I’ve written about them at length, so I won’t go into them here. If you want to understand the differences deeply, read my post on book publishing options.
The rest of this post is for the 98% of people for whom self-publishing is the clear choice.
The Advantages and Disadvantages of Self-Publishing
Before I get into specifics about how to approach self-publishing, it’s worth understanding its advantages and disadvantages first.
This way, you have clarity on what to expect if you choose to self-publish. And you have the context needed to choose the self-publishing option that’s right for you.
The Advantages of Self-Publishing
1. Full ownership of rights and royalties: Aside from distribution platforms like Amazon taking a cut of book sales, you don’t have to split your royalties, profits, or ownership rights with anyone.
2. Full creative control: You have the final say on every creative decision involved with your book. You don’t have to answer to or negotiate with other stakeholders (like you do in traditional publishing).
3. Full marketing control: You can market your book in any way you’d like. For example, you can syndicate it to your email list or publish it piece by piece on your blog. You can give copies away for free. You can form any promotional partnership that you want. You have complete control over how you market your book.
4. Fast to market: Self-publishing a book can be done in as little as a few months. You have the option to move fast if you want to.
5. No gatekeepers: You don’t need to find a literary agent to represent you. And you don’t need to develop a book proposal to pitch to traditional publishers. You also don’t need acceptance or permission from anyone to publish your book.
The Disadvantages of Self-Publishing
1. Potential for an unprofessional book: This is one of the major problems with most self-published books. People generally have no idea how to do it professionally (especially if they’re working on their first book).
As a result, most of the time their book covers, book descriptions, and other publishing assets come out looking unprofessional. And the success of their book (and reputation) often suffers because of it.
2. Challenging and time-consuming to get right: It takes many different skills—and therefore many different people—to self-publish a book. You need a developmental editor, copy editor, photographer, graphic designer, and distributor. You also may want a marketing consultant and promotional partners.
To self-publish a professional quality book on your own, you have to find the right people for all of these jobs. That isn’t easy because it means vetting them when you’re not sure what to look for.
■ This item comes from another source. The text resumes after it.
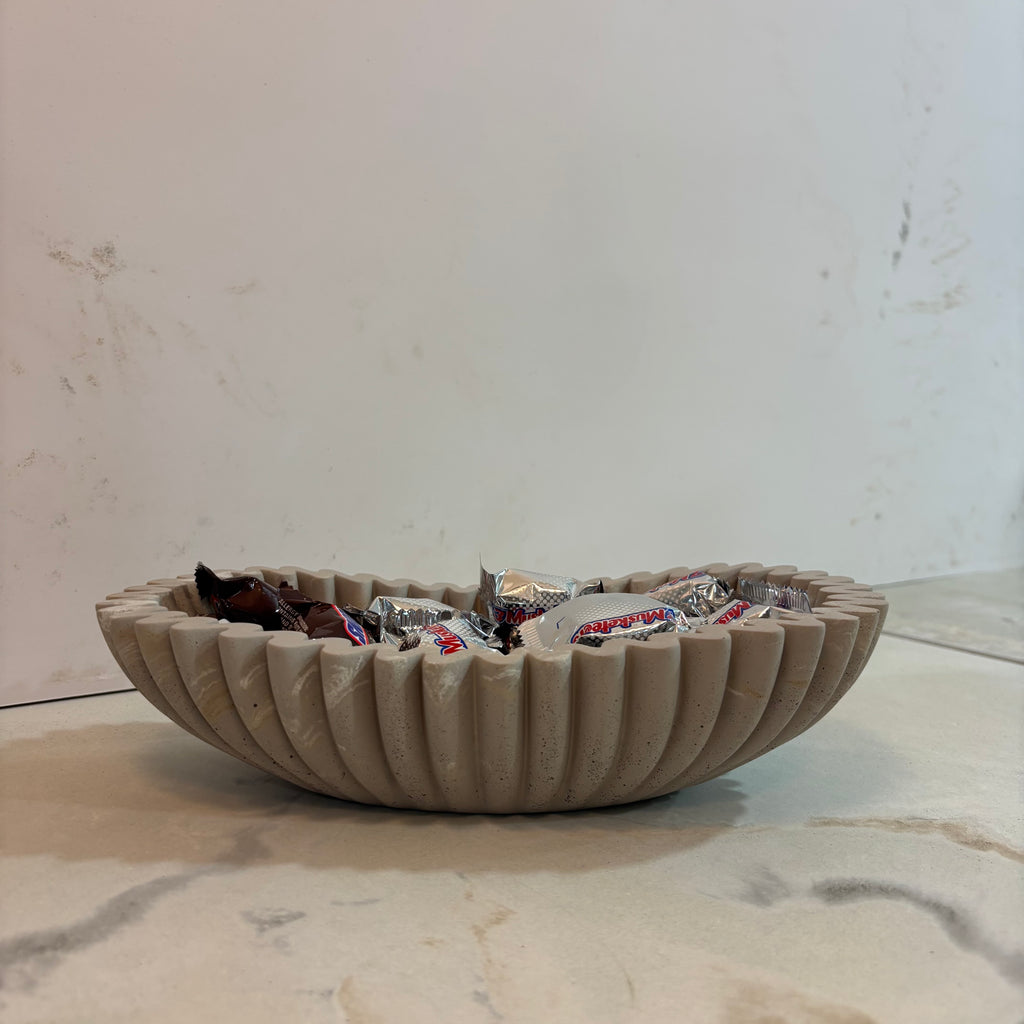 Solea - Fluted Bowl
Then you have to explain what you want, manage, and work with them to see that the jobs get done correctly. And again, if you’re not intimately familiar with publishing, it’s hard to tell if they’re doing quality work.
3. Expensive to do well: The costs to hire people for all of these different jobs add up quickly if you choose quality freelancers and services. And if you try to cut costs, you’ll end up with an unprofessional book, which does more harm than good. You’d be better off not publishing a book at all.
4. Limited distribution: Generally speaking, bookstores and retailers don’t stock self-published books. So when you self-publish, you’re usually limited to distributing on Amazon and some of the independent book distributors like Ingram.
5. Difficult to access bestseller lists: Historically, most of the major bestseller lists haven’t recognized self-published books. This is beginning to change, but it’s still by far the norm.
The 2 Main Approaches to Self-Publishing
1. The DIY Approach
For a long time, there was one way to self-publish a nonfiction book: do it yourself.
If you wanted to self-publish, you had to:
- Manage the entire book publishing process on your own.
- Find, hire, and manage freelance designers and editors.
- Find and negotiate contracts with printing and distribution services.
- Figure out how to market and promote your book.
The DIY approach is still an option for anyone who wants to self-publish a book. The problem with it is that most people who want to self-publish know nothing about the publishing industry.
Crucial things like their book covers, interior layout, and editing are done poorly. As a result, they publish very unprofessional books and damage their reputation.
The ideas and writing in self-published books can be great. But if they’re put together poorly, no one will read—or care—about them.
And unprofessionalism is just one of the issues that can plague people who self-publish on their own. They also deal with several of the other disadvantages I listed above:
- The time and effort it takes to manage the whole process themselves.
- Difficulty in accessing bestseller lists.
- Limited distribution and access to bookstore placement.
In recent years, self-publishing services like Scribe have been created to solve these problems for both experienced and first-time Authors. This is the second approach available for people who want to self-publish.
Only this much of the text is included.